The Corporate Code of Conduct Bill was first introduced in 1998 for debate and was reviewed by a parliamentary committee to determine the impact of the legislation and provide recommendations. Submissions were divided with the companies attacking the proposed legislation while NGOs favored a stronger code to be implemented on Australian businesses.
The conclusion was that the proposed bill was unwarranted and unworkable, and only recently have there been further investigations on legislating responsible international business practices.
Shaming, pressuring and shareholder resolution are currently the best ways of forcing better practice among companies operating in developing countries where standards and regulations may be poor or nonexistent.
“Companies are becoming more aware of the reputational damage these kinds of disputes can create,” Adams said. “Simply having a company know people have their eyes on them can be helpful in trying to remedy their behavior.”
But it is also important for Australia to plug the holes in systems that enabled companies to operate unethically in international operations.
“The lack of accountability for Australian companies allows them to take advantage of weak processes within developing countries,” O’Brien said
Adams explained that currently, it is “extremely” difficult to take an Australian company to court in Australia over their international actions because of costs and challenges to jurisdiction. And non-judicial grievance mechanisms were equally poor in operations.
“The non-judicial grievance mechanisms we have in Australia aren’t operating well at all,” she said. “We have a mechanism called the national contact point that sits within Treasury and is almost unknown. Those contact points operate better in other parts of the world and it’s a much lower cost way for communities to try and raise grievances within Australia. But at the moment, almost no one knows of its existence and it doesn’t do a particularly good job of performing its functions.”
The system is currently under review and in addition to a newly announce multistakeholder advisory group on the implementation of the U.N. guiding principles on business and human rights, there is hope the gaps may start to fill
According to O’Brien, policies requiring better standards and practices are worthless without oversight, and she says there has been a worrying lack of interest in ensuring Australian companies are acting in the best interests of developing communities.
O’Brien highlighted another example: a liquified natural gas project in Papua New Guinea — funded in part by the Australian government — which has led to “some really worrying development, particularly around human rights interactions with security forces in the southern highlands.”
“Yet despite the financial investment, the Australian government has taken very little interest in it.”
The Australian government and DFAT, she believes, could not be held up to be a reliable scrutineer of Australian company operations overseas.
Addressing the Solomon Islands controversy
Reports from the Solomon Islands are causing concern for Australian NGOs and human rights groups.

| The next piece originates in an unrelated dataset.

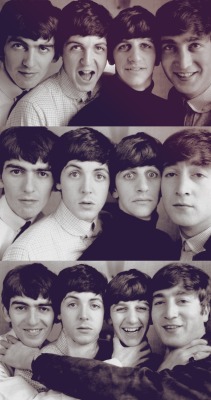 rocknrollhighskool:  The three phases of The Beatles career summed up in three photos - fun, bemused and wanting to throttle each other!  Left to right - George Harrison, Paul McCartney, Ringo Starr and John Lennon  Those Guys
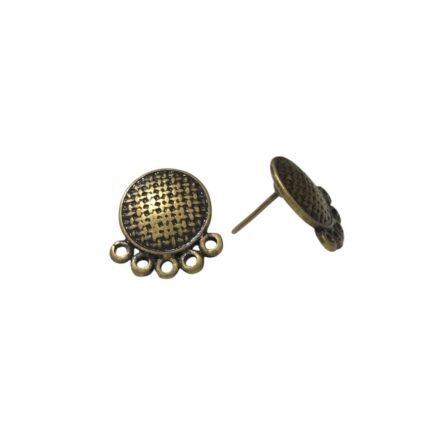 Base Brinco Redondo C/5 Saídas 11mm Ouro Velho - 3 Pares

It is unlikely to fade any time soon with already enough evidence to start the process of advocacy within Australia on behalf of the Nendo community.
“There is a pattern of Australian and other companies in the extractive industries that are able to obtain consent from means that we would consider not following proper due diligence,” Fletcher said. “We are concerned this is happening here, based on reports and what our partners are telling us.”
Fletcher expects Jubilee Australia to be just one of the organizations that will be putting up their hand to support the community, but the challenge will be the political will.
“Politically this is a challenging thing to get across,” he said. “You need a majority of support in both houses of Parliament. Sadly, it is just not an issue they are concerned with.”